Prozeß Harden

 

 

Holzapfel: Man hält Euch hier für den allerstupidesten und fähigsten Menschen, um Konstabler bei unsrer Wache zu sein; darum sollt Ihr die Laterne halten. So lautet Eure Vorschrift: Ihr sollt alle Vagebunten irritieren; Ihr seid dazu da, daß Ihr allen und jeden zuruft: «Halt! in des Prinzen Namen!»

Zweite Wache: Aber wenn nun einer nicht halten will?

Holzapfel: Nun seht Ihr, da kümmert Euch nicht um ihn, laßt ihn laufen, ruft sogleich die übrige Wache zusammen und dankt Gott, daß Ihr den Schelm los seid.

<Viel Lärm um nichts>

Erster Mörder: Mein König, wir sind Männer.

Macbeth: Ja, im Verzeichnis lauft Ihr mit als Männer!

                                                                                                                                               <Macbeth>

Das muß man gesehen haben.
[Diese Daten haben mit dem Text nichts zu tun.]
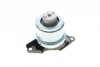 Подушка двигуна (R) VW T5 2.0-2.5TDI 03- MEYLE 100 199 0223 (фото 6)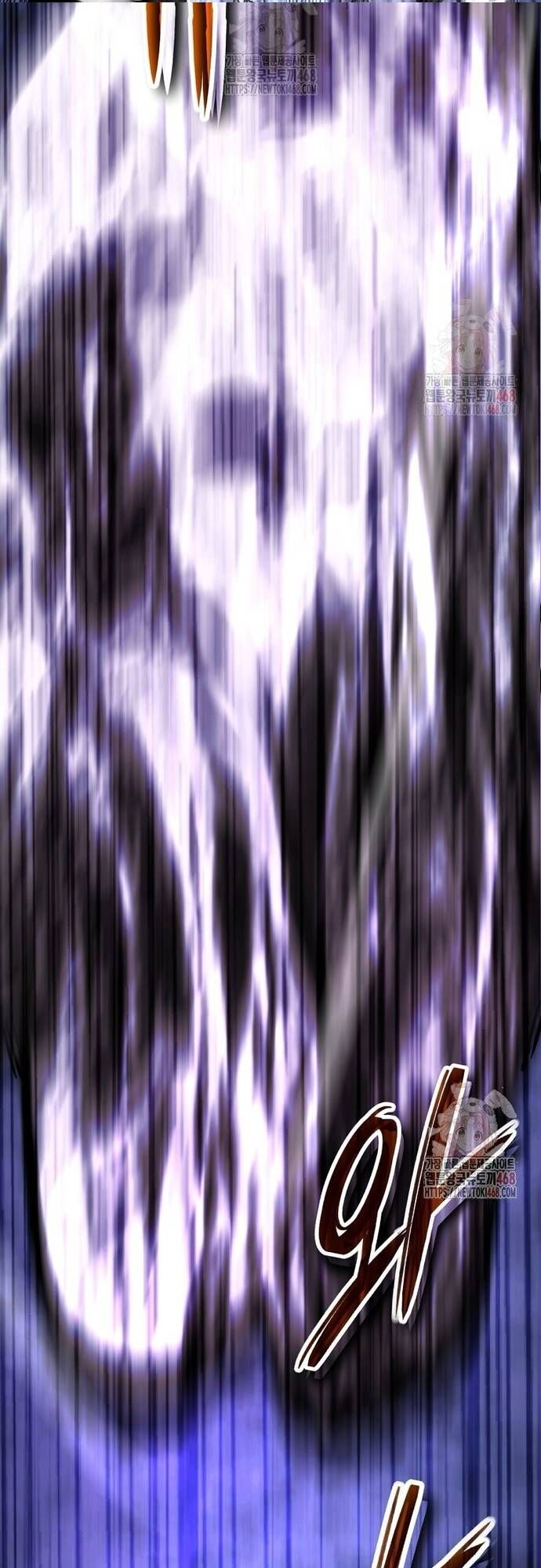 Công Chức Cấp Kiếm Thần Hồi Quy Chap 49 - Next Chap 50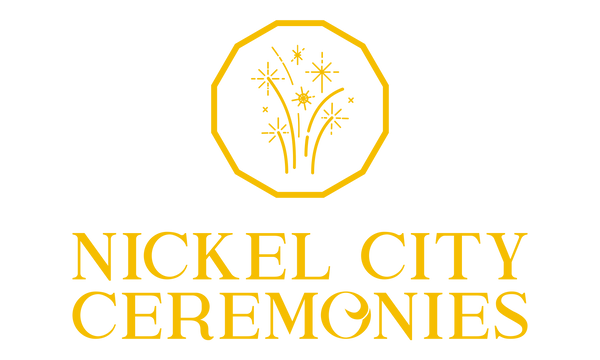 Nickel City Ceremonies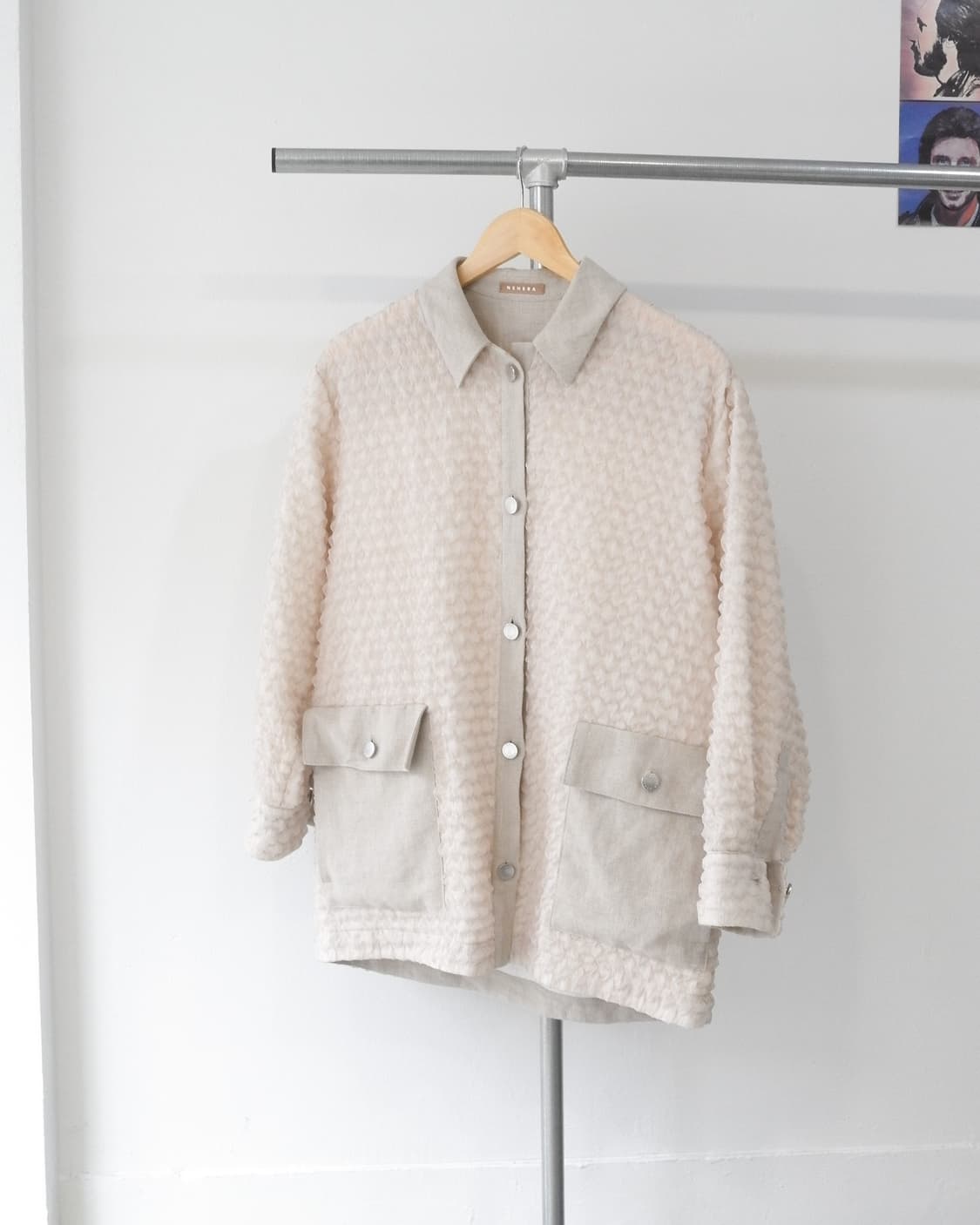 Nehera 상품이미지1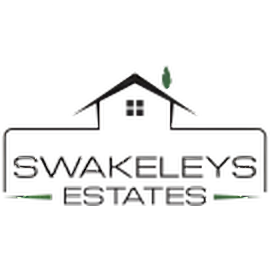 Swakeleys Estates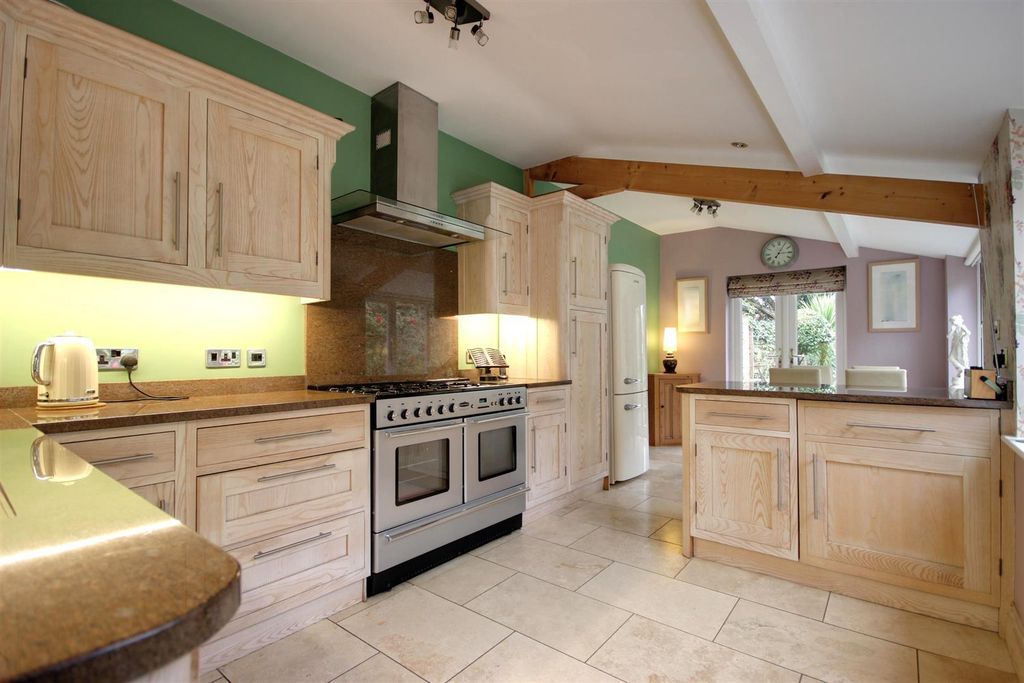 Additional image 8 of 5 bed detached house for saleSouth Street, Cottingham HU16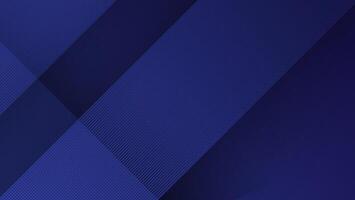 3D modern wave curve abstract presentation background. Luxury paper cut background. vector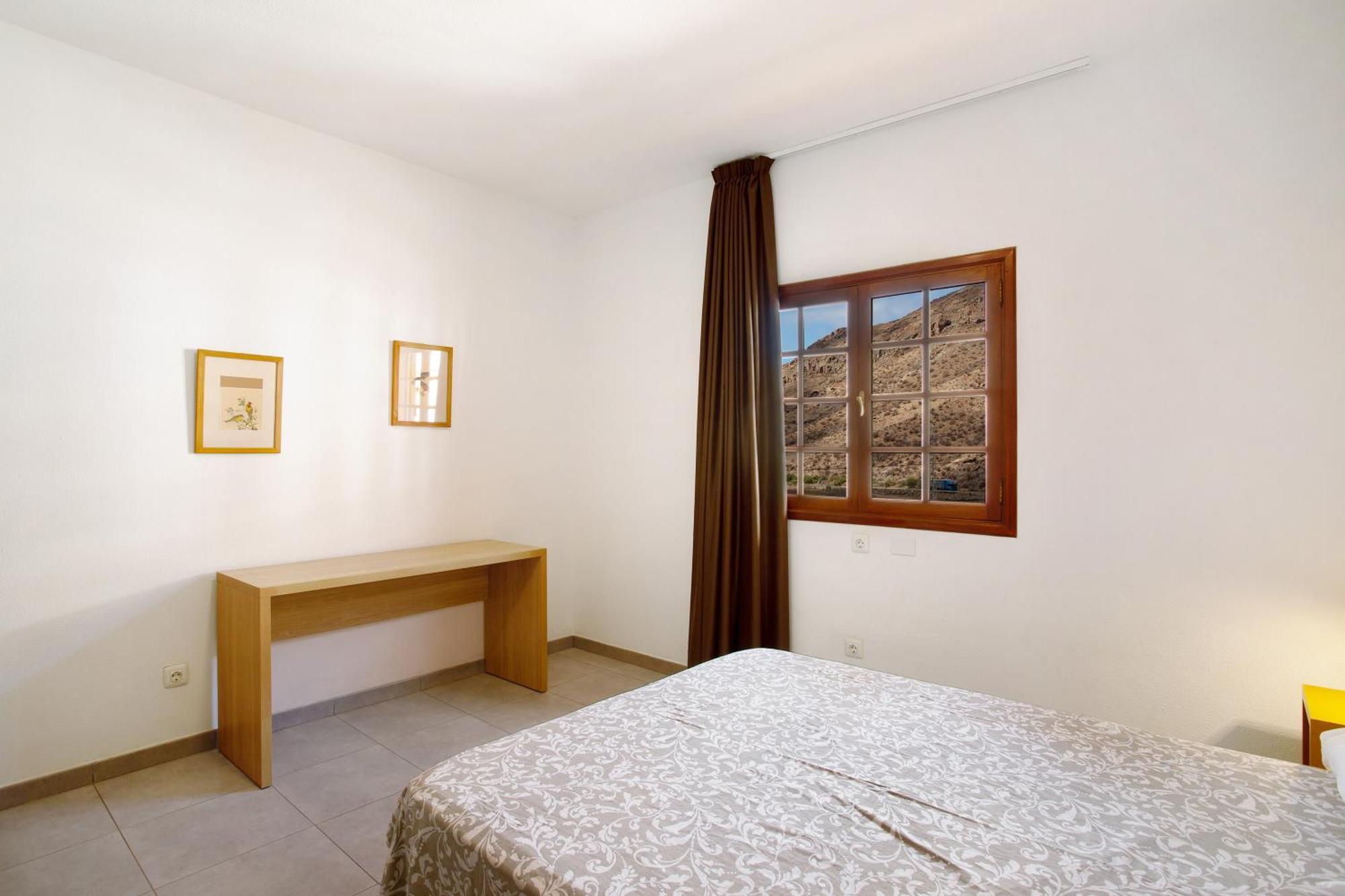 Mogán Casa Paraiso Del Molinero 빌라 외부 사진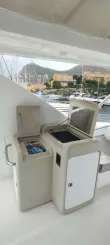 best yacht sales deals Azimut 64 Flybridge - Azimut Yachts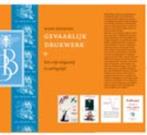 Gevaarlijk drukwerk 9789023414308 Hans Renders, Verzenden, Gelezen, Hans Renders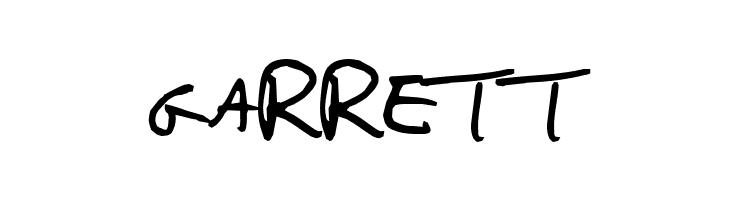 Neil Normal  Free Fonts Download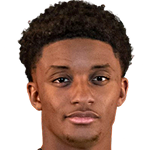 player-image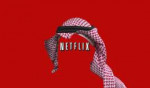 Saudi-Netflix-astaghfirullh-710x422.jpg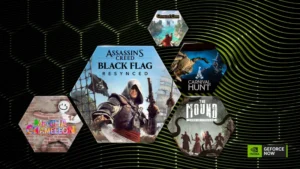 nvidia 2026 jul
Da muß man hineingetreten sein. Diese Schmach muß man drei Tage an sich haben vorüberziehen lassen: die­ses Land, diese Mörder, diese Justiz.

Der deutsche politische Mord der letzten vier Jahre ist schematisch und straff organisiert. Die Broschüre: <Wie werde ich in acht Tagen ein per­fekter nationaler Mörder ?> sollte nicht auf sich warten lassen. Alles steht von vornherein fest: Anstiftung durch unbekannte Geldgeber, die Tat (stets von hinten), schludrige Untersuchung, faule Ausreden, ein paar Phrasen, jämmerliches Kneifertum, milde Strafen, Strafaufschub, Ver­günstigungen - «Weitermachen!»

Am dritten Juli 1922 wurde Maximilian Harden auf offner Straße von einem frühern Oberleutnant angefallen und mit einem eisernen Gegenstand bearbeitet. Er erhielt acht Schläge auf den Kopf. Der Ober­leutnant entfloh, sein Komplice, der Schmiere gestanden hatte, wurde verhaftet. Harden schwebte vierzehn Tage in Lebensgefahr. Er ist heute einundsechzig Jahre alt.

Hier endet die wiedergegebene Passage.